A couple of weeks ago I wrote my position on increasing density in Grandview. One of the suggestions I made was:
“Lot owners currently with SFH or duplexes should be allowed and encouraged (by a reduction in the City’s expensive development procedures) to have three housing units on each lot. This would generally be two suites in the main house and a laneway or similar building.”
I am glad to report that a similar suggestion is part of a new proposal before City Council:
“The report also suggests changes for Mount Pleasant and Grandview-Woodland areas (RT zones) that would increase housing options on 4,800 properties. The suggested changes include: increasing the number of homes permitted on a 33-foot lot; allowing laneway homes to be built for rent or sale; and permitting owners of large lots to build four-plexes.”
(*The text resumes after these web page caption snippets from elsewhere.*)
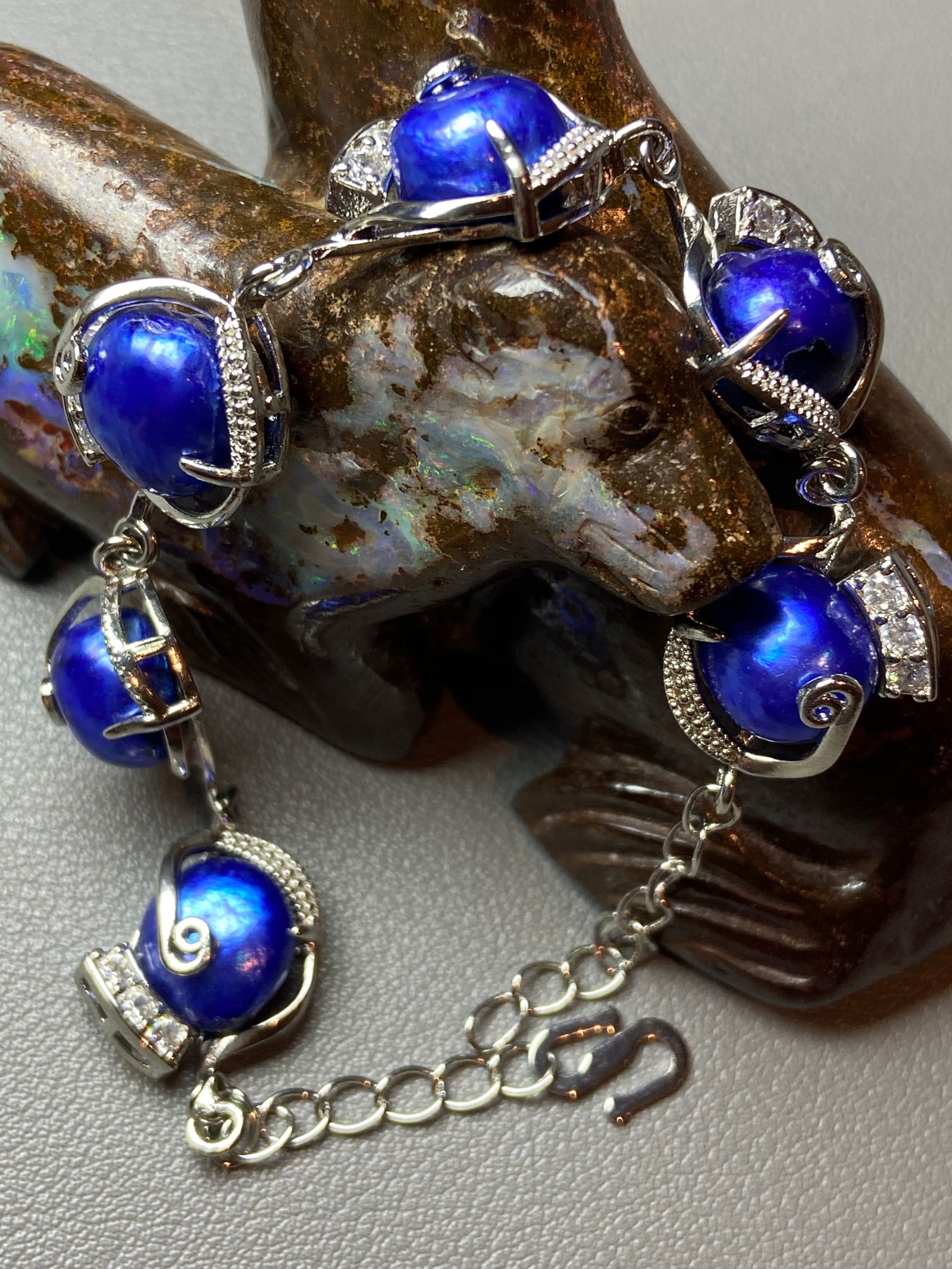 Blue Baroque Pearl silver Bracelet - 2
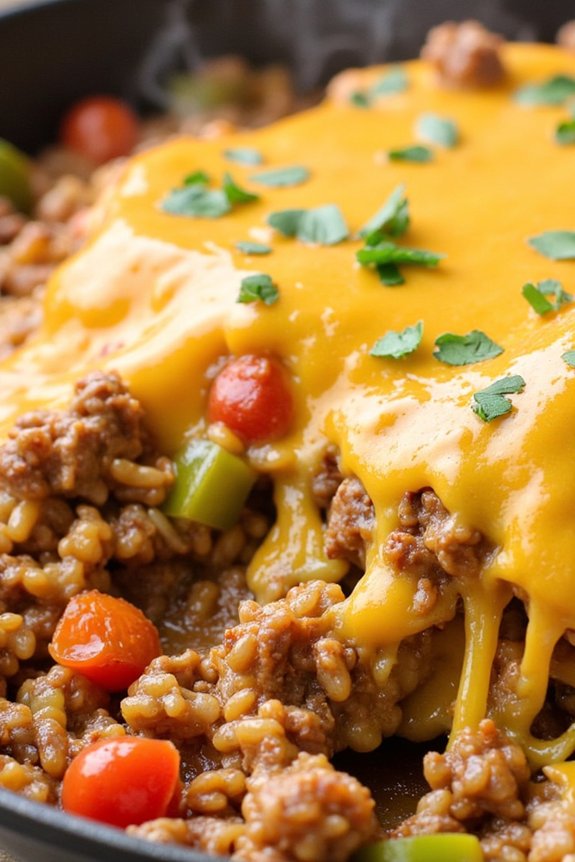 one pan cheesy beef skillet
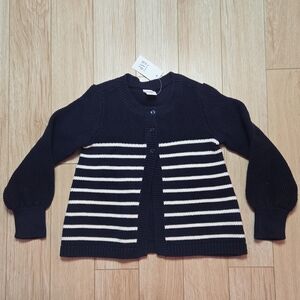 GAP Kids Navy and White Striped Knit Cardigan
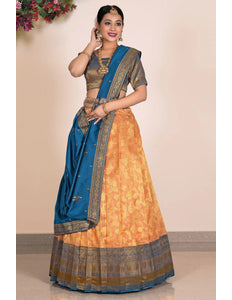 Orange Zari Tissue Silk With Digital Print Lehenga Choli
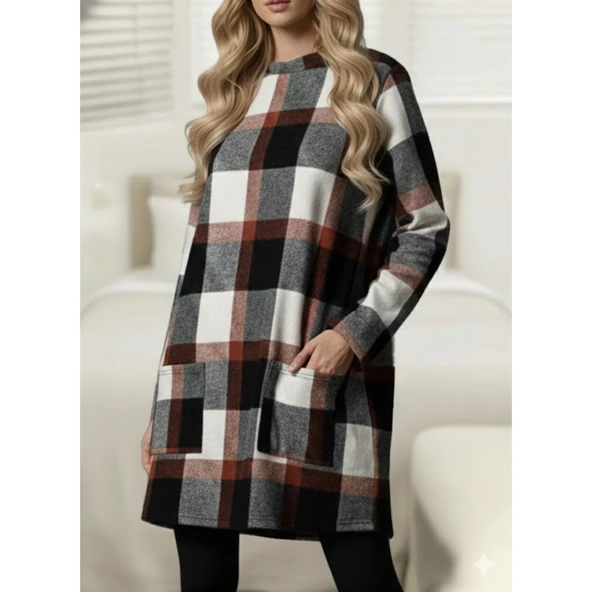 Lucky Life Kadın Uzun Kollu Yarı Balıkçı Yakalı Cep Detaylı Ekoseli Dokuma Tunik ürün görseli 1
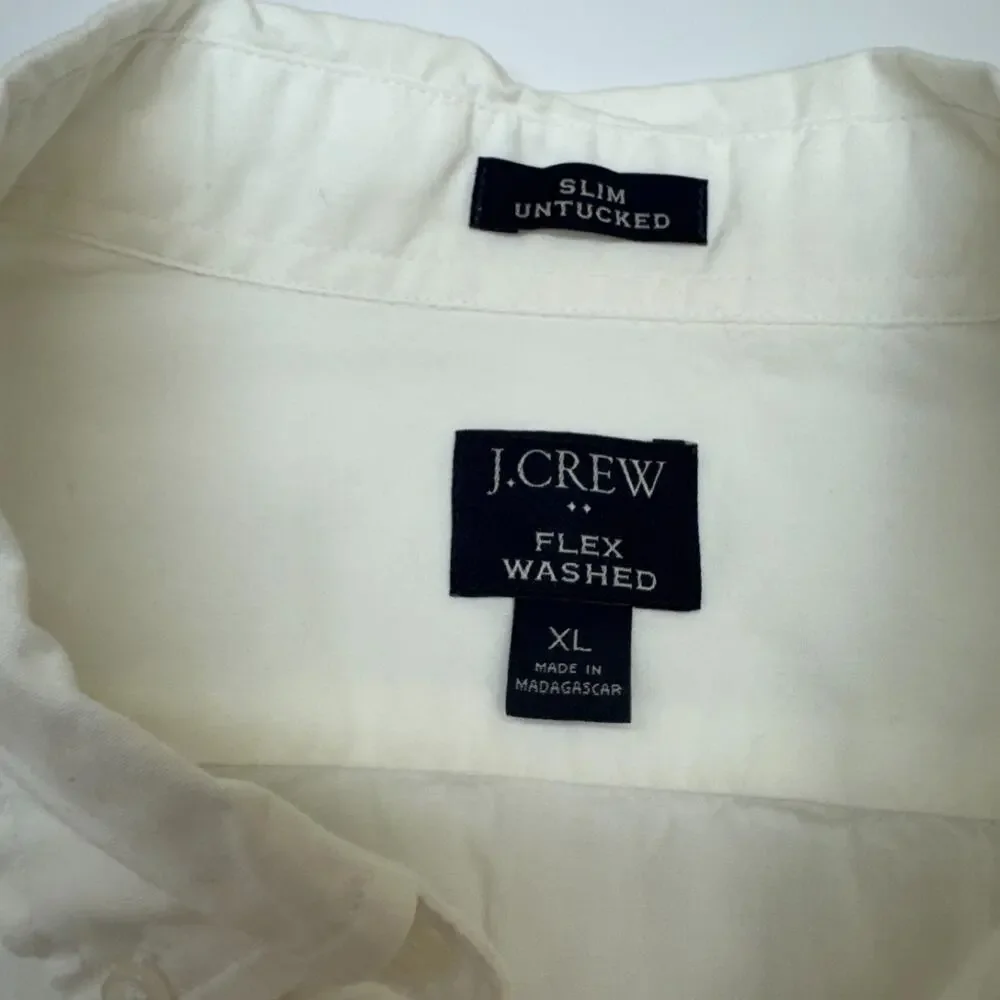 Mens J Crew Flex Washed Slim Untucked White Oxford Button Up Shirt XL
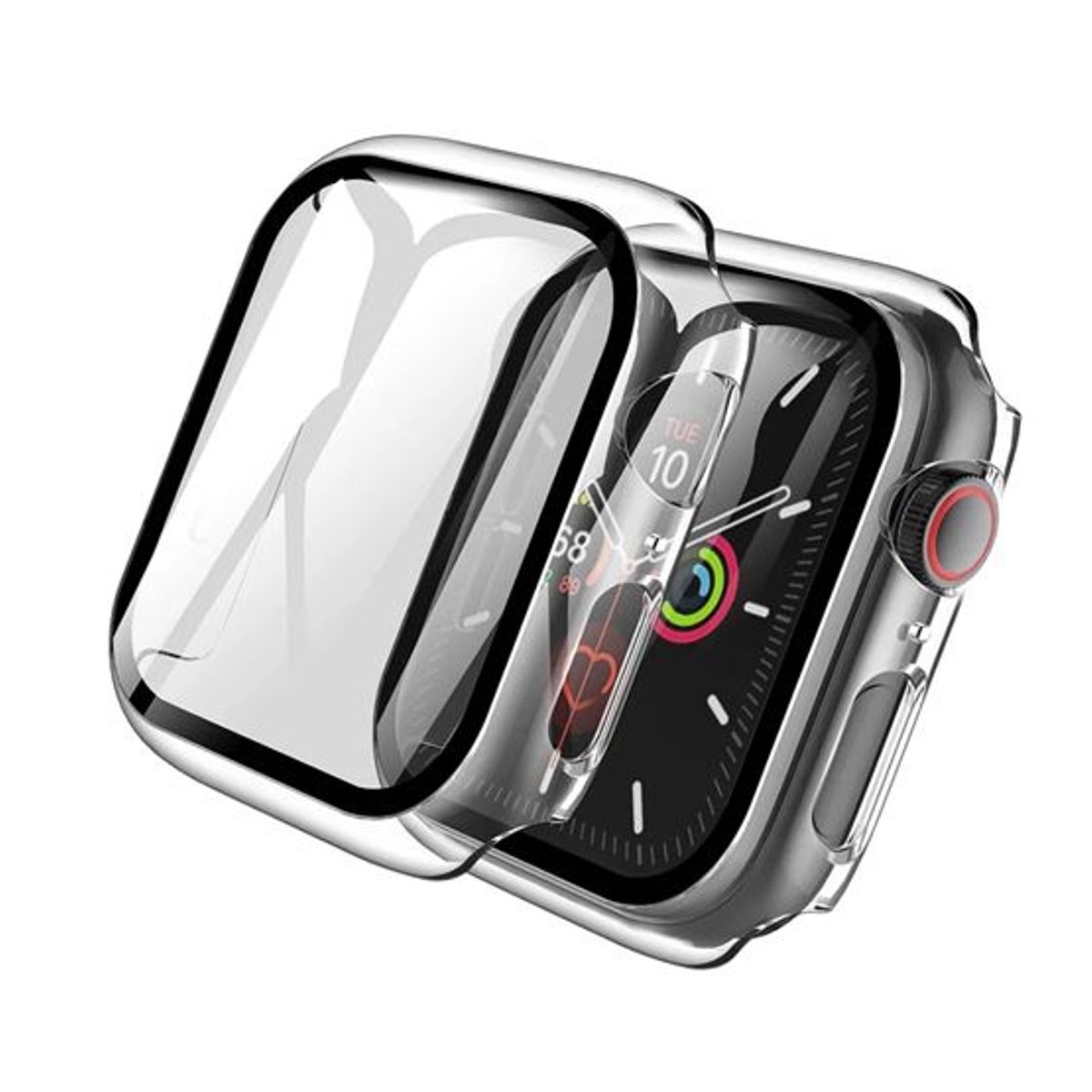 GENERICO - Case Bumper con Vidrio Incorporado para Apple Watch 42mm - Transparente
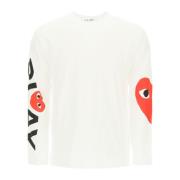 Lange mouwen T-shirt met hartmotief Comme des Garçons Play , White , H...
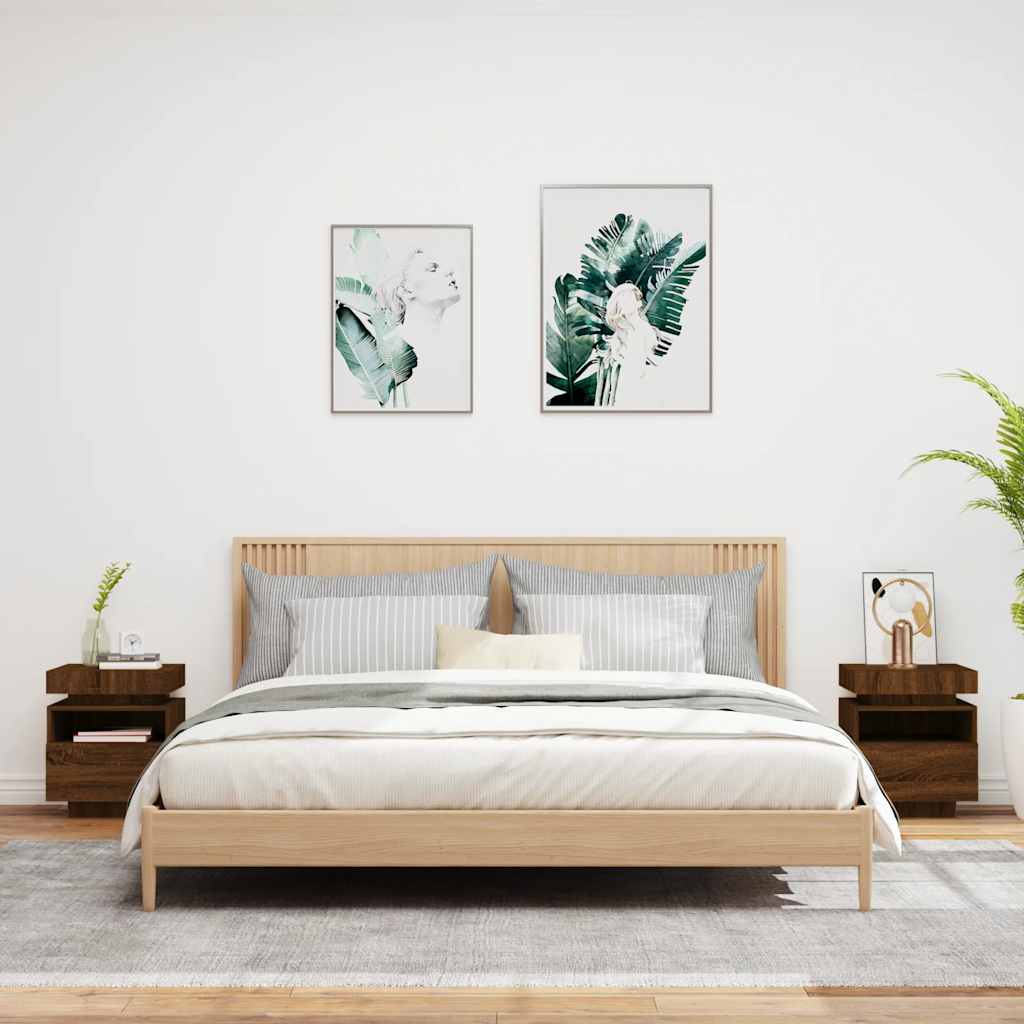 vidaXL Nachttische mit LED-Leuchten 2 Stk. Braun Eiche 40x39x48,5 cm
My own preference would be for these laneway houses to remain as rentals rather than sold as strata. This would boost that kind of vitally needed stock and provide a steady income to the lot owner rather than a one-time windfall with a house that few could afford to buy.
Apart from the zoning changes proposed, we would see a great deal more movement in this area if the cost of building a laneway house could be made more reasonable. My understanding is that city permits and certain city regulations add many tens of thousands to the cost of building and add months to each project. These need to be trimmed to the least requirements.
In addition, we need to get creative about what we use as “laneway houses”. For one example, manufactured houses of all kinds can be bought and erected far less expensively than traditional brick and mortar. Another example, suggested by local engineer Eric Philips, would be to take some of the well-built heritage cottages we have on large lots and physically move them to a laneway site elsewhere; this would provide a far-less-expensive laneway house and provide an empty lot for new construction.
Whatever new zoning is approved, the regulations and bureaucracy must allow wide latitude for creative thinking.